A primeira perspectiva dessa realidade é que o mundo não é o que deveria ser. Paulo, na carta aos Romanos 8.20-23, diz que “a criação está sujeita à vaidade [destituída de verdade e sem vigor], não voluntariamente, mas por causa daquele que a sujeitou”, aguardando ser redimida; “sabemos”, ele diz, “que toda a criação, a um só tempo, geme e suporta angústias até agora”. Se esse fato não for levado em conta, nenhum juízo de responsabilidade e nenhuma contabilização de saldos, perdas e lucros corresponderão à realidade.
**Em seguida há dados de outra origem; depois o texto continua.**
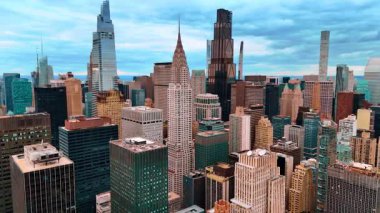 New York şehir merkezindeki gökdelenlerin ve gökdelenlerin tepelerine bakın. Metropolün üstündeki bulutlu gökyüzü.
Tenha isso em mente: o mundo não é como deveria ser; ele se encontra decaído desde a ocorrência do maior de todos os desastres: a queda, no Éden (Gênesis 3).

A segunda perspectiva é que nós também não somos quem deveríamos ser. No mesmo lugar, o apóstolo escreveu: “todos pecaram e carecem da glória (reflexo do caráter) de Deus” (Romanos 3.23). Isso implica que nossa visão está cerceada pela culpa do pecado e pela rebelião contra Deus, de forma que não apenas pensamos ao contrário da sua verdade, mas que nos colocamos em seu lugar como juízes e redentores para a situação. Não reconhecendo ao Deus que se revela, em níveis diferentes, na natureza e na consciência, na Bíblia e em Jesus Cristo, vivemos sob a maldição de considerar a presente realidade como sendo verdadeira, e de desconsiderar aquele que é o único Juiz e Redentor (cf. Romanos 1.18-32).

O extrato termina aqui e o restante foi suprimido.